En un afán por negar o renegar de las realidades históricas y sus interpretaciones, la hemos emprendido con las estatuas. Empezamos por el declinado de aquella de Antonio López, primer Marqués de Comillas, asentado él y su estatua en Barcelona. Pero fueron escasos quienes quisieron explicar que era un producto de su época, donde no estuvo solo. Cierto, negrero y esclavista, como otros, pero obviando siempre que la sociedad mayoritaria y las clases dirigentes de aquel tiempo también lo eran. Y desmontada ya la estatua, desaprovechando tiempo y ocasión para explicar el alcance de la esclavitud y de sus defensores, que impidieron su abolición hasta 1866. Practicando un juego de intereses al más estricto estilo de los lobbies actuales, por más que se hubiera ilegalizado el esclavismo ya en 1820 por el tratado de Fernando VII con el Reino Unido. Esclavizando, en esos 46 años de ilegalidad última, a más de medio millón de africanos que los negreros españoles trasladaron a América. Esclavitud que alcanza al Brasil de nuestros días, según Lula da Silva.
Sostenido todo ello en el racismo, por más que el homicidio en Minneapolis de George Floyd y el resurgido movimiento antirracista hayan activado una «condena de la memoria», tan romana. Alcanzando también a Fray Junípero Serra y sus estatuas, acusado ahora de racista tan lejos de lo que su hagiografía, en aquellas Vidas ejemplares de la editorial Novaro, nos había transmitido en la niñez.
Poco dado a símbolos, guardo memoria de la estatua de Lenin en Akademgorodok, en Siberia. No resistió mucho tiempo en aquel singular espacio de libertad, soviética.
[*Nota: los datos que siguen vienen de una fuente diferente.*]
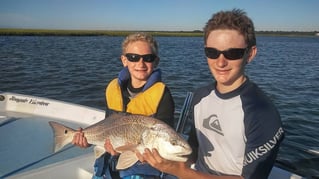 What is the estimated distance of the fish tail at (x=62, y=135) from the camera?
346 centimetres

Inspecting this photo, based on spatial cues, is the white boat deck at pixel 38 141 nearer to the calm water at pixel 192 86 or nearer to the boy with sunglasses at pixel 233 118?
the boy with sunglasses at pixel 233 118

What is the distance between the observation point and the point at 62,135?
349cm

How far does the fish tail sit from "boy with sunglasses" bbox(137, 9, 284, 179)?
1117mm

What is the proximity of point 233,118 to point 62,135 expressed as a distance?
1911mm

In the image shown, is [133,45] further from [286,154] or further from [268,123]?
[286,154]

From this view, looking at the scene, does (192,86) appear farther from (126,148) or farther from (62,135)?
(126,148)

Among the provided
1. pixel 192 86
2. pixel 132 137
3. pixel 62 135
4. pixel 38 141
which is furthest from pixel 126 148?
pixel 192 86

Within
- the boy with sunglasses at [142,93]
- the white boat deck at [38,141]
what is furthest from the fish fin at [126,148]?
the white boat deck at [38,141]

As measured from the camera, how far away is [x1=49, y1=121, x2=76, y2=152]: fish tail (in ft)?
11.4

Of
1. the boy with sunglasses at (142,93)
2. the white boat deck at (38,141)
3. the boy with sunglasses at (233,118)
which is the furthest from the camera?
the white boat deck at (38,141)

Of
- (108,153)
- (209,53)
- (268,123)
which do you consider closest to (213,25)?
(209,53)

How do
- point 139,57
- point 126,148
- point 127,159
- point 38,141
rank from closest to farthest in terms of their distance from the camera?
1. point 127,159
2. point 126,148
3. point 139,57
4. point 38,141

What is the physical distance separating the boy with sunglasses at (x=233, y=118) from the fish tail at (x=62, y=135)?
112 cm

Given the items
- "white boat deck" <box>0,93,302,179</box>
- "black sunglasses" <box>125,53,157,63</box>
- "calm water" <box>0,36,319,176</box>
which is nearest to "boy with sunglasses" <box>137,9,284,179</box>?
"black sunglasses" <box>125,53,157,63</box> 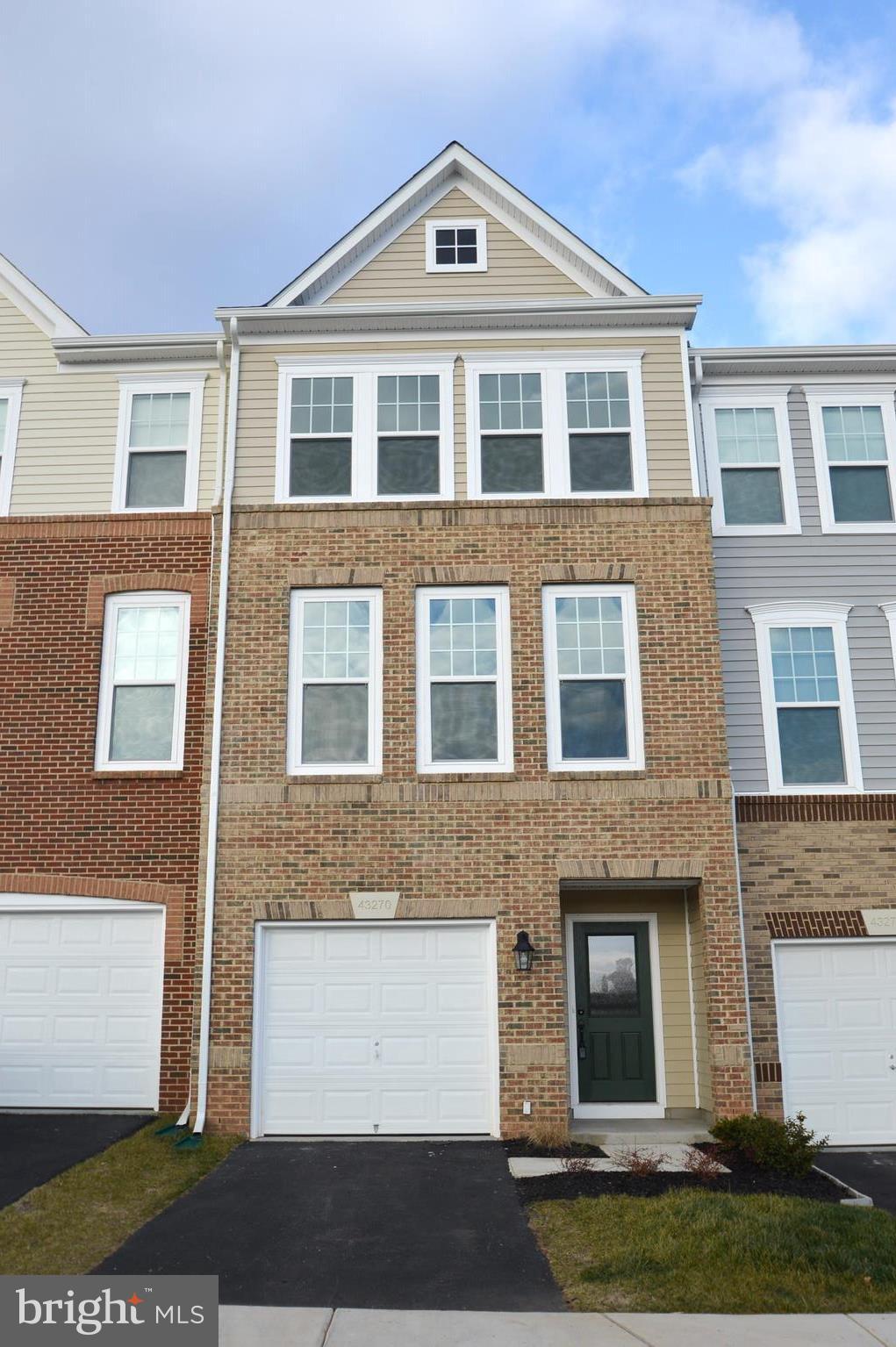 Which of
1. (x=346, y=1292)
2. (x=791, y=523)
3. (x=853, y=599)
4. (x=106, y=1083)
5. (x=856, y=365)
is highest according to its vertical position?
(x=856, y=365)

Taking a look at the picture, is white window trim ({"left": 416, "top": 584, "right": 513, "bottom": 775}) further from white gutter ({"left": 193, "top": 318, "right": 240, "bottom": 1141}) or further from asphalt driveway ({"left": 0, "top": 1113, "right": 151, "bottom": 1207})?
asphalt driveway ({"left": 0, "top": 1113, "right": 151, "bottom": 1207})

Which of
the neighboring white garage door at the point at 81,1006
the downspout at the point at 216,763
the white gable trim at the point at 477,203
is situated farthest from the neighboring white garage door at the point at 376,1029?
the white gable trim at the point at 477,203

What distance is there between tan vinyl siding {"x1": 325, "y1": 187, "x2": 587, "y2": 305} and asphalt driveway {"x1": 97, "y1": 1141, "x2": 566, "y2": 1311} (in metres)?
9.90

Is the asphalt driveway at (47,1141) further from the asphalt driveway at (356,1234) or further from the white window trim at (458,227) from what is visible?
the white window trim at (458,227)

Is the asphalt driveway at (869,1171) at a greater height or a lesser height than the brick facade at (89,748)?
lesser

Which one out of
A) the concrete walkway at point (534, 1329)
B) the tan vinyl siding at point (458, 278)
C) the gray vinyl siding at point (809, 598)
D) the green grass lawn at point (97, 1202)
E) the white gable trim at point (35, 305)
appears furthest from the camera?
the white gable trim at point (35, 305)

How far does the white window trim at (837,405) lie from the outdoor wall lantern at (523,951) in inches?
256

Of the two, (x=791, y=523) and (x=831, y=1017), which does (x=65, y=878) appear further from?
(x=791, y=523)

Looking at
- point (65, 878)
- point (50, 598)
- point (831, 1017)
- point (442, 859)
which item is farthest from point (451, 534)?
point (831, 1017)

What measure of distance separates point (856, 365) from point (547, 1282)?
11492 millimetres

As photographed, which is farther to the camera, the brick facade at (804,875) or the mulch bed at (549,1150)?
the brick facade at (804,875)

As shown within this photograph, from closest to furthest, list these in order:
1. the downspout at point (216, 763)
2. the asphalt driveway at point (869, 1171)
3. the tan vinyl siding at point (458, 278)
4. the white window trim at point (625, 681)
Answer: the asphalt driveway at point (869, 1171), the downspout at point (216, 763), the white window trim at point (625, 681), the tan vinyl siding at point (458, 278)

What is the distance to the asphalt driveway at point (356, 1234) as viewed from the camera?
23.4 ft

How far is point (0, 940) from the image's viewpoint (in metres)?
12.7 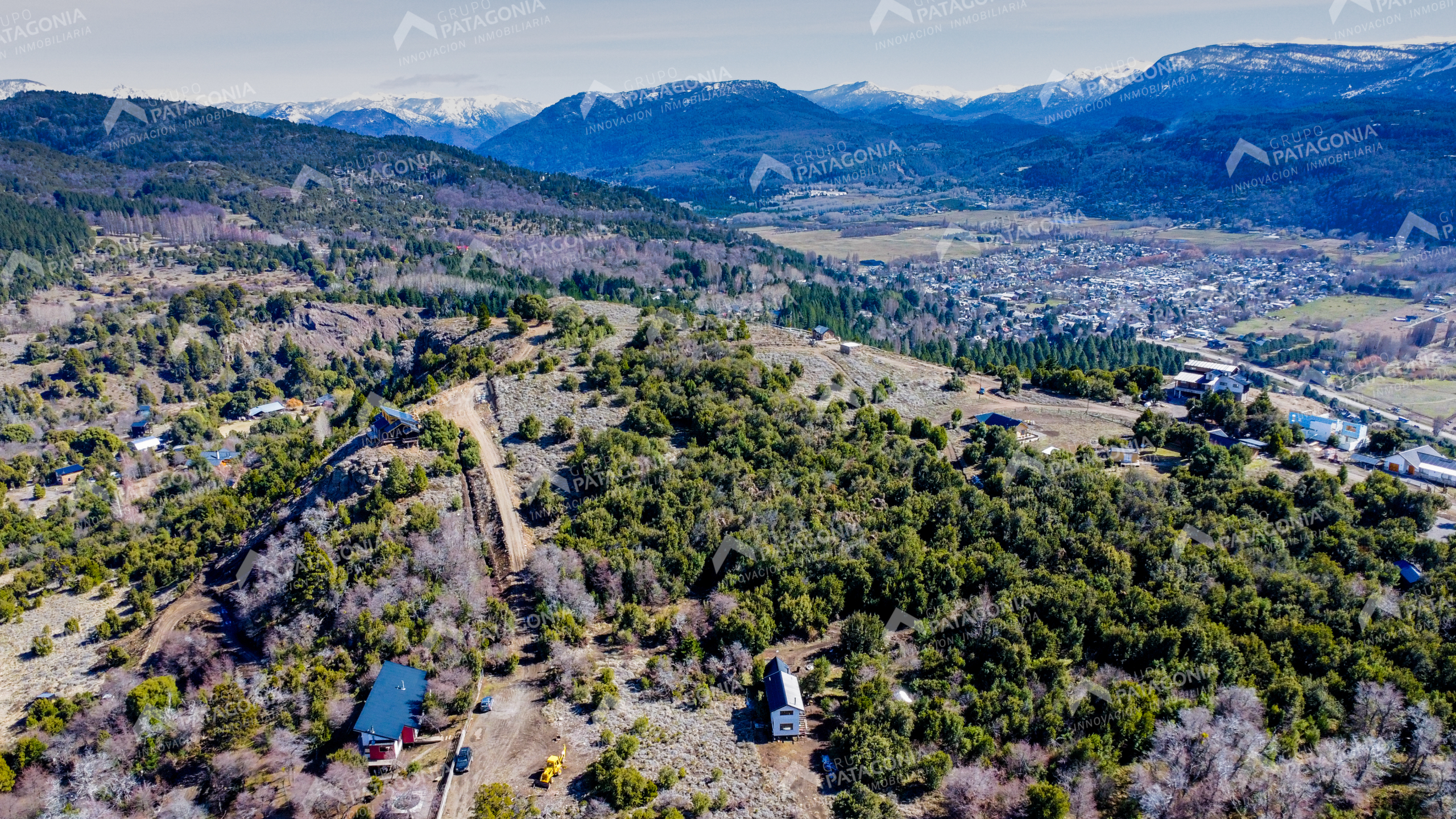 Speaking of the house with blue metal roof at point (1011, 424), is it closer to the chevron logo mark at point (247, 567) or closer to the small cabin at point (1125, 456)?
the small cabin at point (1125, 456)

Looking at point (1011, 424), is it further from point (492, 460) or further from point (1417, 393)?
point (1417, 393)

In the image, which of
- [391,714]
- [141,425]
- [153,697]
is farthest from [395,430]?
[141,425]

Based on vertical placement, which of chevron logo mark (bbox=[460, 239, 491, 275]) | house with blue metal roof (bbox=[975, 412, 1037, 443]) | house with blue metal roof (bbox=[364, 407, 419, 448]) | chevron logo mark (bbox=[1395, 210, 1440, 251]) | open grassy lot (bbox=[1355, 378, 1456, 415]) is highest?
chevron logo mark (bbox=[460, 239, 491, 275])

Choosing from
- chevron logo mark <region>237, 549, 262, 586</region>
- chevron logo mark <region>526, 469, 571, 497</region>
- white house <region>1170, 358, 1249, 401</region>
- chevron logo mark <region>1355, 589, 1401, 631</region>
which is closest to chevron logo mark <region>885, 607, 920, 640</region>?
chevron logo mark <region>1355, 589, 1401, 631</region>

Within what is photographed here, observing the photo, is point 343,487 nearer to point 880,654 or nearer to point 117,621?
point 117,621

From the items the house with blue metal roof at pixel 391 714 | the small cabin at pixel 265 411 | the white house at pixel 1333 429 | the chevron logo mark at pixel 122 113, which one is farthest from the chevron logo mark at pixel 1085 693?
the chevron logo mark at pixel 122 113

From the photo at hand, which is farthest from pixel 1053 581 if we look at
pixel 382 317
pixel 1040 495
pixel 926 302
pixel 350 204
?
pixel 350 204

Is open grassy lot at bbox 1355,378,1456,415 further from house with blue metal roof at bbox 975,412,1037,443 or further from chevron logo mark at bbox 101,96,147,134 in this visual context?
chevron logo mark at bbox 101,96,147,134
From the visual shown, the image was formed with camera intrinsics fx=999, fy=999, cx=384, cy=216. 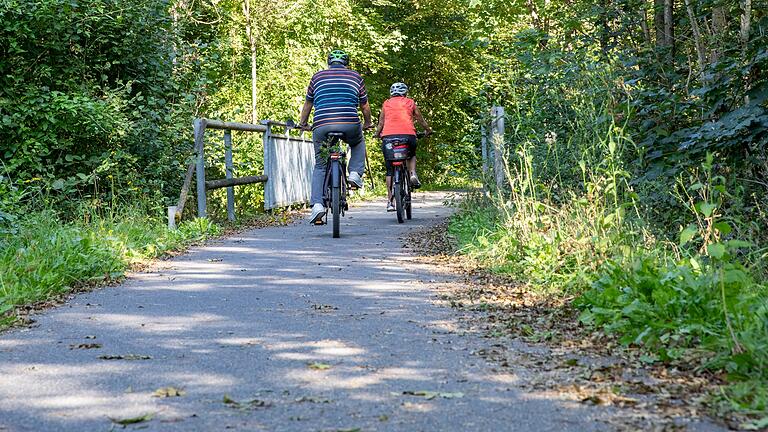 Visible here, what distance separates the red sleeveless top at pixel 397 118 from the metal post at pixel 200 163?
2.75 m

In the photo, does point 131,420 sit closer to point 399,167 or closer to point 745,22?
point 745,22

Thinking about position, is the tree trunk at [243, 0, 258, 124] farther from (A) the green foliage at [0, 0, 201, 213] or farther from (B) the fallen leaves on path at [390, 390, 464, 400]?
(B) the fallen leaves on path at [390, 390, 464, 400]

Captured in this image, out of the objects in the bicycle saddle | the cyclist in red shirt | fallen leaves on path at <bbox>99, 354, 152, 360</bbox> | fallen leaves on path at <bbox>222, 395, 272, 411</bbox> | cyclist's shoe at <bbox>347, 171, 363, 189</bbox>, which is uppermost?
the cyclist in red shirt

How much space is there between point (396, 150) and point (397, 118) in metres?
0.52

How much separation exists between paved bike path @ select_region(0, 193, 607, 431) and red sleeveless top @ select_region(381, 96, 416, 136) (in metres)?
6.11

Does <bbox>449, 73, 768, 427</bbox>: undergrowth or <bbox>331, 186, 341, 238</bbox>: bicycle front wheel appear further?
<bbox>331, 186, 341, 238</bbox>: bicycle front wheel

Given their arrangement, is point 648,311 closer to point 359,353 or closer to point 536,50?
point 359,353

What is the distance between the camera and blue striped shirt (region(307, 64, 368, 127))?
12.0m

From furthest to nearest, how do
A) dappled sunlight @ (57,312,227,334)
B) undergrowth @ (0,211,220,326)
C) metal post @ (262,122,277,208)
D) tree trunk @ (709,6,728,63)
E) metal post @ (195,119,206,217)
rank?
metal post @ (262,122,277,208), metal post @ (195,119,206,217), tree trunk @ (709,6,728,63), undergrowth @ (0,211,220,326), dappled sunlight @ (57,312,227,334)

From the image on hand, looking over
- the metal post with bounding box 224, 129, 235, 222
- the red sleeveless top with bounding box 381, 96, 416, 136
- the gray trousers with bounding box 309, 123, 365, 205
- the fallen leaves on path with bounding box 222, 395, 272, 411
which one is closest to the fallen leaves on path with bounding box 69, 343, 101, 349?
the fallen leaves on path with bounding box 222, 395, 272, 411

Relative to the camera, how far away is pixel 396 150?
1408cm

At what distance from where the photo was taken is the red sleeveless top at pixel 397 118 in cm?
1423

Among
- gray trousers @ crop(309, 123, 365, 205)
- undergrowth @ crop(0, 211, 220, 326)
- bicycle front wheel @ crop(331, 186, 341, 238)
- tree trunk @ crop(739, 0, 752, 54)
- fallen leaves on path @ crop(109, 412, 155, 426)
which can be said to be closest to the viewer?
fallen leaves on path @ crop(109, 412, 155, 426)

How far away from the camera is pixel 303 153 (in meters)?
19.7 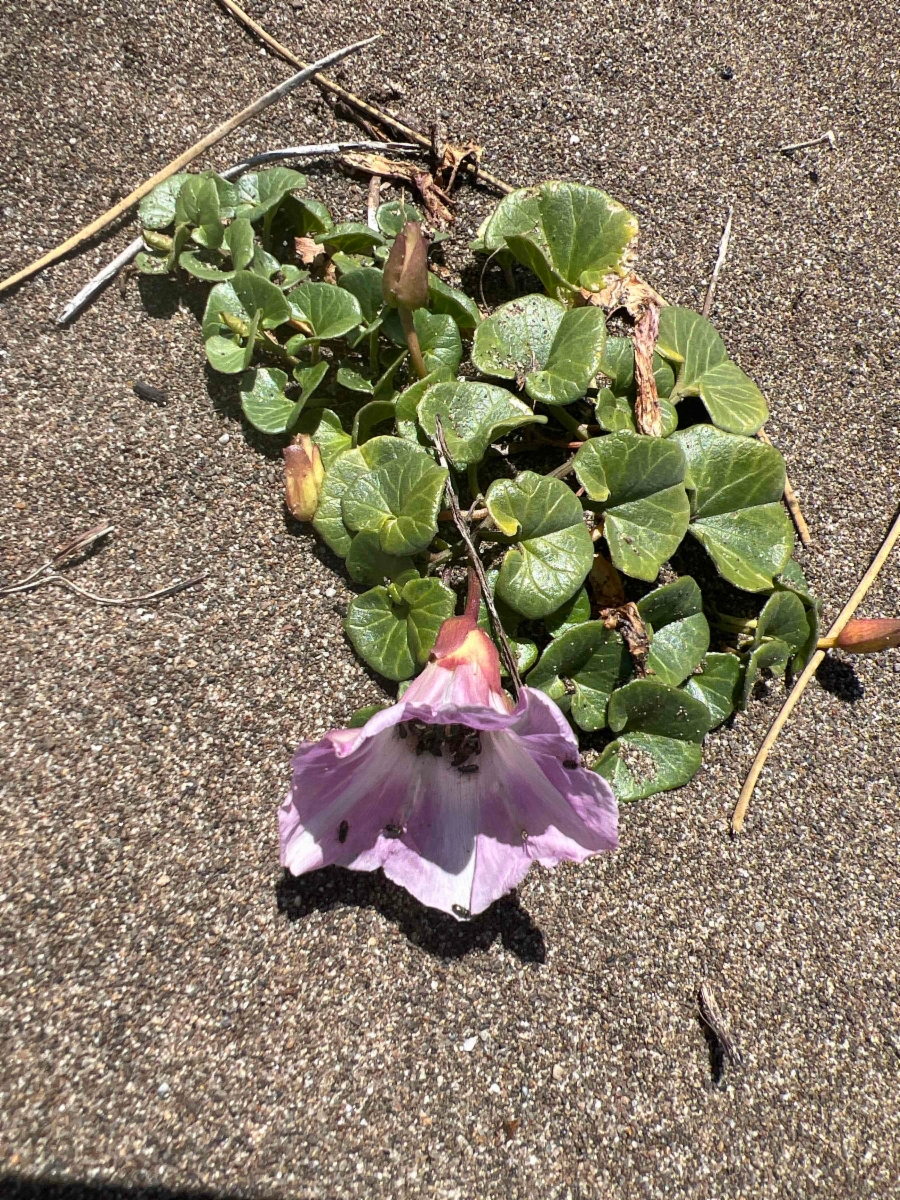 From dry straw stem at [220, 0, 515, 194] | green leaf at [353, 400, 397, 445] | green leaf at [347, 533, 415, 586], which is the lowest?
green leaf at [347, 533, 415, 586]

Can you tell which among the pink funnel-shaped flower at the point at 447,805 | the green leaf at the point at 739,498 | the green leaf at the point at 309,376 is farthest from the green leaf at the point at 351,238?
the pink funnel-shaped flower at the point at 447,805

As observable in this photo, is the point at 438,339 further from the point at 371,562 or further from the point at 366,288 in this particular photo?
the point at 371,562

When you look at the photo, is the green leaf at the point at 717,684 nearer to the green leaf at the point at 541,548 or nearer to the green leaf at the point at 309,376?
the green leaf at the point at 541,548

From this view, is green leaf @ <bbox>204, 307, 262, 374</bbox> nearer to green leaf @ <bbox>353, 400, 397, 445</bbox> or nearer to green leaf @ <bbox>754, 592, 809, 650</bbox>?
green leaf @ <bbox>353, 400, 397, 445</bbox>

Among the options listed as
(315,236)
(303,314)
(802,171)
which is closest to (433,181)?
(315,236)

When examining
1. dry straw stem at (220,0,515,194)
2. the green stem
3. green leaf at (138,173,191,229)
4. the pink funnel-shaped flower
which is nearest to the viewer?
the pink funnel-shaped flower

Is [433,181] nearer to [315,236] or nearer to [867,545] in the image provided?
[315,236]

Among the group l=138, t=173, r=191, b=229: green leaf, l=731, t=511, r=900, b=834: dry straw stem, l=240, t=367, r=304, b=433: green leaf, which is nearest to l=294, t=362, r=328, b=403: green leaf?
l=240, t=367, r=304, b=433: green leaf
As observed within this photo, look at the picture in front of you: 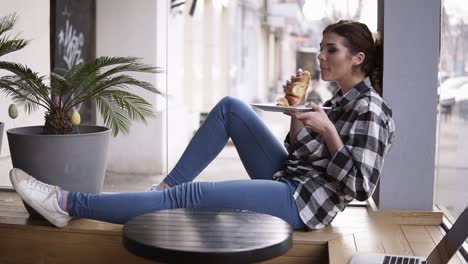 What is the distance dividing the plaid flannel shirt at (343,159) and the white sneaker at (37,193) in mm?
858

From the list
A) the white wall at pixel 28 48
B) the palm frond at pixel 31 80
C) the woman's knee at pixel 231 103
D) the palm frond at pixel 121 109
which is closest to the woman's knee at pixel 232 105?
the woman's knee at pixel 231 103

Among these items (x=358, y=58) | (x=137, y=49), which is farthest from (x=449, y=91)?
(x=137, y=49)

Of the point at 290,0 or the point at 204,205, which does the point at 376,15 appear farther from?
the point at 204,205

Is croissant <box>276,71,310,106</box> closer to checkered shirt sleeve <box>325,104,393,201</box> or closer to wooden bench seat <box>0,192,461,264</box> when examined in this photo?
checkered shirt sleeve <box>325,104,393,201</box>

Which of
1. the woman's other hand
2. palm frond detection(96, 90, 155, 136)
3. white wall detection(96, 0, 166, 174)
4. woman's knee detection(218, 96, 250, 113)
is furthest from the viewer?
white wall detection(96, 0, 166, 174)

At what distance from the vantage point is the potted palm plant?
2441 mm

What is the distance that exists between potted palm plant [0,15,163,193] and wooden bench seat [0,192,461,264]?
207mm

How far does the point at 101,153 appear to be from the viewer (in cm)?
257

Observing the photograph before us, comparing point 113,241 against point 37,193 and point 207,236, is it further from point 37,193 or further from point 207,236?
point 207,236

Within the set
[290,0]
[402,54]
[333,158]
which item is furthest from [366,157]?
[290,0]

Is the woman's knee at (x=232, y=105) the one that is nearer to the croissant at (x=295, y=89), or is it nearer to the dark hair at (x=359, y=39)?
the croissant at (x=295, y=89)

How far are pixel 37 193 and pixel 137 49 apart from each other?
2829 millimetres

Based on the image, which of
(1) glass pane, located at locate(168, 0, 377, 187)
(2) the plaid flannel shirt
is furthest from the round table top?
(1) glass pane, located at locate(168, 0, 377, 187)

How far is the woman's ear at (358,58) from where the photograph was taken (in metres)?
2.26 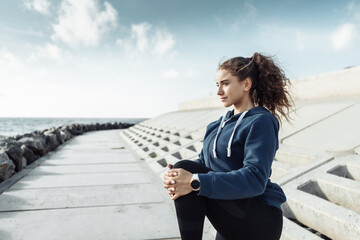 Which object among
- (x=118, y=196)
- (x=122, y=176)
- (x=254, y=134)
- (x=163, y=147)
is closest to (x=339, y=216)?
(x=254, y=134)

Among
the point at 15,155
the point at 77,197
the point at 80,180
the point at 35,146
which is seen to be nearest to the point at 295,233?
the point at 77,197

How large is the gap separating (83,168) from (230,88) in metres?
4.88

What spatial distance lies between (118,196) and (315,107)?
4.31m

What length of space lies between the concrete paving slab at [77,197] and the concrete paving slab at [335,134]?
2266 mm

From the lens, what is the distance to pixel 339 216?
6.66 feet

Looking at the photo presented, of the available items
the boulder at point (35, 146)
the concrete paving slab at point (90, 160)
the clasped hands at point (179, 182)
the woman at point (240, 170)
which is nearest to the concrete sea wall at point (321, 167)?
the woman at point (240, 170)

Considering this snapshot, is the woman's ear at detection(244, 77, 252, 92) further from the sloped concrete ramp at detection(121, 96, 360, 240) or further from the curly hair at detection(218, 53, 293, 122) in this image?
the sloped concrete ramp at detection(121, 96, 360, 240)

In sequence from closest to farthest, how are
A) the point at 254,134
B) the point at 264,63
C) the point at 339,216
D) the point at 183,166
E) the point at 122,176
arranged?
the point at 254,134
the point at 183,166
the point at 264,63
the point at 339,216
the point at 122,176

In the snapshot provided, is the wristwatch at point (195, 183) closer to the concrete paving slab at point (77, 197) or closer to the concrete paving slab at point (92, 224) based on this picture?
the concrete paving slab at point (92, 224)

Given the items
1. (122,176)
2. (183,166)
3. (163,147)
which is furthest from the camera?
(163,147)

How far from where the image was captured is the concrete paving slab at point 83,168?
17.9 feet

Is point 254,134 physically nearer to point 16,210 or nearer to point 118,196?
point 118,196

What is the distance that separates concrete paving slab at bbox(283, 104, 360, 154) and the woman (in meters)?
2.00

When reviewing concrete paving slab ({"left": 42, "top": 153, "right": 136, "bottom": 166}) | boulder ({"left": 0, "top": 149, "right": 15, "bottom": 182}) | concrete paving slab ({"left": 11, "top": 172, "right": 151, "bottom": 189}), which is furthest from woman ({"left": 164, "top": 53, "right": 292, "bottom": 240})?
concrete paving slab ({"left": 42, "top": 153, "right": 136, "bottom": 166}) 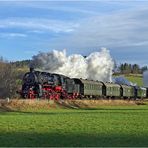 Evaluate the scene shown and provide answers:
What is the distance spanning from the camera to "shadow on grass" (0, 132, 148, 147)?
1532 centimetres

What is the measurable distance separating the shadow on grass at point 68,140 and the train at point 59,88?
35.9m

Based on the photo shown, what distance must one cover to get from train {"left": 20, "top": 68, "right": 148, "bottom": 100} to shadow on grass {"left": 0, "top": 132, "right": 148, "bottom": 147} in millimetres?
35947

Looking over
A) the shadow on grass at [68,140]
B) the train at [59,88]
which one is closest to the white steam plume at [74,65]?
the train at [59,88]

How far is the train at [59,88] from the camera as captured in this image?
179ft

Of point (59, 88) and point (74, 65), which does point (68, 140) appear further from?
point (74, 65)

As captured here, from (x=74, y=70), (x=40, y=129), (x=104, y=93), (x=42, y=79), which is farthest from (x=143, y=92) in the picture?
(x=40, y=129)

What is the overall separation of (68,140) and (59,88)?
4167 cm

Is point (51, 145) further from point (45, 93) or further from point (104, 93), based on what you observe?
point (104, 93)

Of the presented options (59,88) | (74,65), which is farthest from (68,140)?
(74,65)

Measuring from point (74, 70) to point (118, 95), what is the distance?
78.4ft

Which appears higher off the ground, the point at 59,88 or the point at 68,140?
the point at 59,88

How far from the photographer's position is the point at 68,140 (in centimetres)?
1638

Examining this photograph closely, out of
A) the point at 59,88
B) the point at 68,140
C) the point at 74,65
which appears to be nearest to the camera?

Las estatuas, también las ideas, tienen su tiempo. Derribarlas forma parte de la evolución o la rebelión de los pueblos frente a la opresión. O pueden tener acomodo en la historia si encuentran acogida en ciudades y espacios que uno no puede dejar de reconocer como propios. Así tengo para mí la de Alfonso IX y su caballo, que señorea en el val Miñor. O aquellas compostelanas, enraizadas en la vida, de Rosalía de Castro mirando a la carballeira de Santa Susana, y de Don Eugenio Montero Ríos en Mazarelos, a la espera de su biografía. También la recién llegada, por la mano de Ramón Conde, de Alonso III de Fonseca. Reflexiva, entre rododendros y azaleas, en el claustro de Fonseca.
Estatuas que perviven como las hogueras y la noche de San Juan aun cuando, en este bisiesto 2020, uno debe conformarse con un olor de humaredas, el ramallo para el agua, la magia matutina de la clara de huevo, y la música de Ennio Morricone en La Misión, 2Cellos. Por más que en Galicia anden en elecciones.